General problem
I am facing a problem from the transportation field. For a given network, the maximum flow $q$ on a link is either the sum of the flows from upstream links, entering at the upstream intersection, or the link capacity $c$. Turning ratios $\alpha$ and the link capacity $c$ are assumed to be known.
I consider an example network as shown in the figure attached (see Example network). Only one turning ratio is shown, but they exist for all possible relations.
I have the following system of equations: $$q_{11} = c$$ $$q_{12} = c$$ $$q_{13} = c$$ $$q_{21} = \min\left(q_{11}\cdot(1-\alpha_{12}) + q_{12}\cdot\alpha_{21}, c\right)$$ $$q_{22} = \min\left(q_{11}\cdot\alpha_{12} + q_{12}\cdot(1-\alpha_{21}), c\right)$$ $$q_{23} = \min\left(q_{13}\cdot(1-\alpha_{31}) + q_{21}\cdot\alpha_{13}, c\right)$$ $$q_{31} = \min\left(q_{13}\cdot\alpha_{31} + q_{21}\cdot(1-\alpha_{13}), c\right)$$ $$q_{32} = \min\left(q_{22}\cdot(1-\alpha_{23}) + q_{23}\cdot\alpha_{32}, c\right)$$ $$q_{33} = \min\left(q_{22}\cdot\alpha_{23} + q_{23}\cdot(1-\alpha_{32}), c\right)$$
I could solve this by inserting $q_{11}$ and $q_{12}$ into the equation for $q_{21}$, etc. However, for large networks this becomes infeasible. Thus, I am looking for other ways to solve this. So far, I have explored the following potential solution techniques:
Max-plus algebra:
I tried to apply techniques from max-plus algebra by converting the min-operator to a max-oprerator. However, since I have two variables in the minimum operation, this becomes non-linear in the max-plus algebra (if I am not taken wrong). For example: $$ - q_{21} = (- q_{11}\alpha_{12} \otimes - q_{12}(1-\alpha_{21})) \oplus -c$$ Since these are my first steps into max-plus algebra, I am very much open to any comments on this. So far, I did not find any commonly applied solutions methods for a system of non-linear max plus algebra equations.

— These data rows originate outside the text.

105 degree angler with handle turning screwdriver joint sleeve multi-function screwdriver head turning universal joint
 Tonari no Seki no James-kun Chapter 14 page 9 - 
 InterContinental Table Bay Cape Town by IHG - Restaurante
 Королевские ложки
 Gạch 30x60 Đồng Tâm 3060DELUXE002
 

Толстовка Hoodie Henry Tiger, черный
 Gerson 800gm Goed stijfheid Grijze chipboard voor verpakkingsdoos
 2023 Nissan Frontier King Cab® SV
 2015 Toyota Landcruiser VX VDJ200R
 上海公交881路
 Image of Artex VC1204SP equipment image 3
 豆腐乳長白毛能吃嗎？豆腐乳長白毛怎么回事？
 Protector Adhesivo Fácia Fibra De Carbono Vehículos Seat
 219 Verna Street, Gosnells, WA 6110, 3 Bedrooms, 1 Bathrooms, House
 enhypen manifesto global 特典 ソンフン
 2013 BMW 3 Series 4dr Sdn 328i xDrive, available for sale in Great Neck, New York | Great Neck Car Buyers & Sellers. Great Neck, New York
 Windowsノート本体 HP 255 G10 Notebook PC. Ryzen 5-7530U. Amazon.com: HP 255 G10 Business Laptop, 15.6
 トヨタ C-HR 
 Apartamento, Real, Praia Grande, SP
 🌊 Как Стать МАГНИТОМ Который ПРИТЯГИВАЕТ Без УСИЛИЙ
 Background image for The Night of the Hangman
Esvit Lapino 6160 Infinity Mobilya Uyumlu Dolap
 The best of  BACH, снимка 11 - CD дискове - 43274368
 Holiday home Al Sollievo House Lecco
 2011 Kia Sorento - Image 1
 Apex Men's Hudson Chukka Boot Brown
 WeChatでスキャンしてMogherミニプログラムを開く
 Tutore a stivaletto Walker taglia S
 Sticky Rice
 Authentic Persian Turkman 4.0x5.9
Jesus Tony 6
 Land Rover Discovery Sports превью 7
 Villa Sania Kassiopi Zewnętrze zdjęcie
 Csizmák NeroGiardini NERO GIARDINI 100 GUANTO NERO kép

Mixed-integer linear program:
I could rewrite each eq. to a set of constraints, for example: $$q_{21} = \min\left(q_{11}\cdot(1-\alpha_{12}) + q_{12}\cdot\alpha_{21}, c\right)$$ $${q}_{21} \leq q_{11}\cdot(1-\alpha_{12}) + q_{12}\cdot\alpha_{21} $$ $${q}_{21} \leq c $$ $${q}_{21} \geq y c + (1-y) (q_{11}\cdot(1-\alpha_{12}) + q_{12}\cdot\alpha_{21}) $$ $$y \in [0,1] $$
However, I do not know what the objective function then is. Could it be an maximization/minimization of the sum of all flows?
Any thoughts, hints or other help on this is highly appreciated!
Your MIP model is close, but there are two things to fix. First, the domain for $y$ should be $y\in\lbrace 0,1\rbrace$, not $y\in[0,1]$. Second, you want to avoid multiplying $y$ and any expressions containing $q$ variables, as the relaxation is quadratic rather than linear.
To save me some typing, let $f=q_{11}\cdot(1-\alpha_{12}) + q_{12}\cdot\alpha_{21}$. To linearize the product with $y$, you need an a priori upper bound $M$ for $f$. The constraints become: \begin{align*} q_{21} & \le f\\ q_{21} & \le c\\ q_{21} & \ge f-My\\ q_{21} & \ge cy. \end{align*}
As far as the objective function goes, if you are looking for any feasible solution, just minimize (or maximize) 0 subject to your constraints. Minimizing or maximizing the sum of all flows will also work. If you are looking for a particular solution, such as a solution with maximum overall flow, or a solution with maximum flow into (out of) certain nodes, then you will want to customize the objective function to get that solution.